Task to carry out: For the records below, output word for word the lines from the one with "3 bedroom semi-detached" up to and including the one with "Travar Jovo sa Romanije". No pictures.
[Opening The input section]
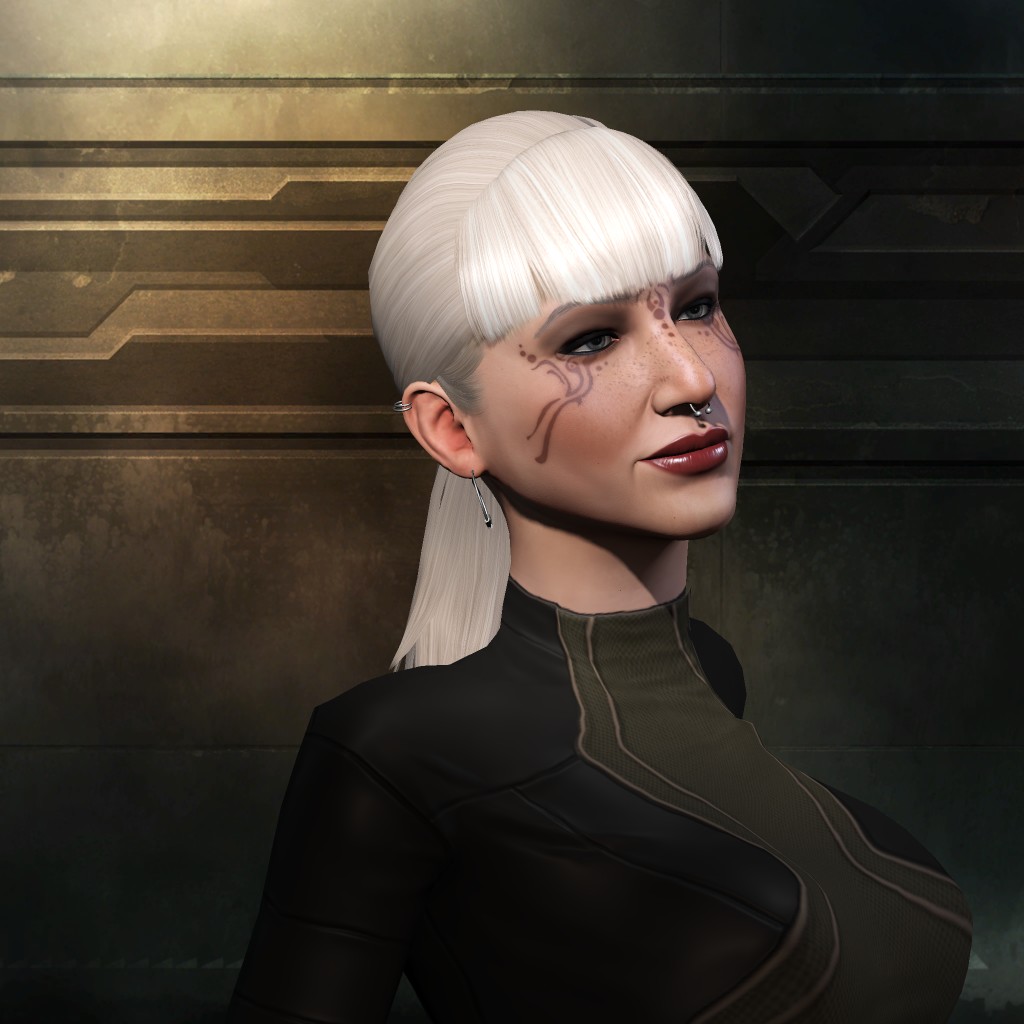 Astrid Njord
[Closing The input section]
[Opening The input section]
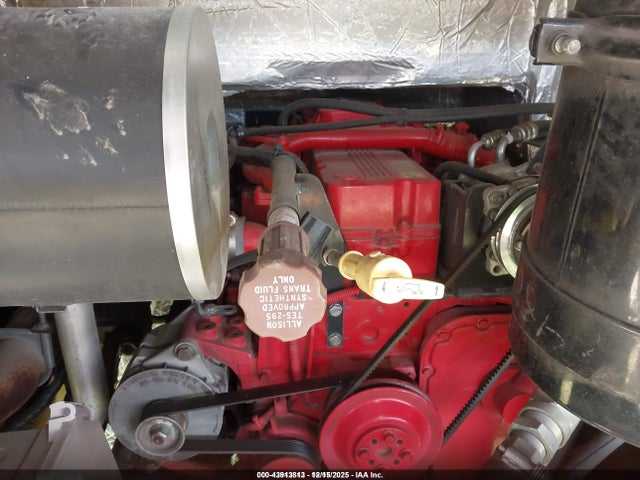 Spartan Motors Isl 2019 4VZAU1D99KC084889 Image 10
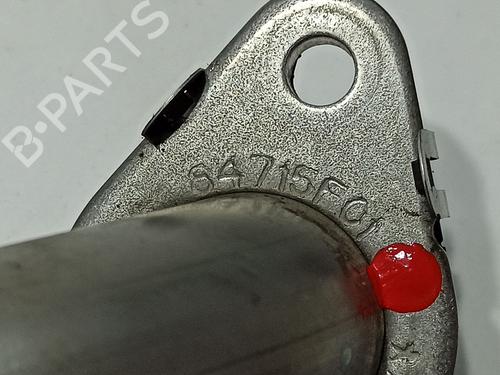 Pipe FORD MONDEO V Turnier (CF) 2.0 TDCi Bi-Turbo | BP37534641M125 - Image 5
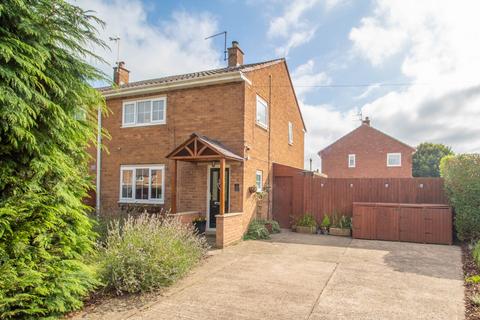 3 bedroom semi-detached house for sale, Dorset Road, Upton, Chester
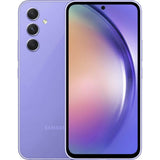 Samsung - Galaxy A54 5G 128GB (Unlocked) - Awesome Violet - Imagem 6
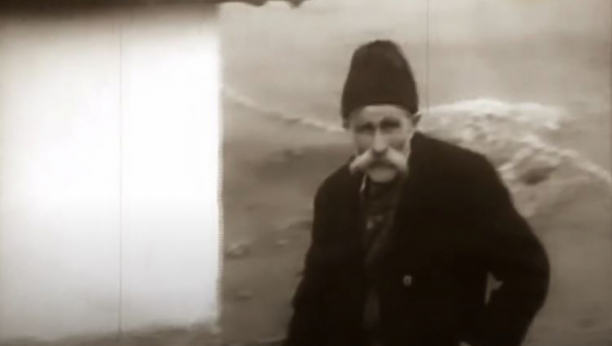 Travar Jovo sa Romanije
[Closing The input section]
Response to the exercise:
 3 bedroom semi-detached house for sale, Dorset Road, Upton, Chester
 Samsung - Galaxy A54 5G 128GB (Unlocked) - Awesome Violet - Imagem 6
 Travar Jovo sa Romanije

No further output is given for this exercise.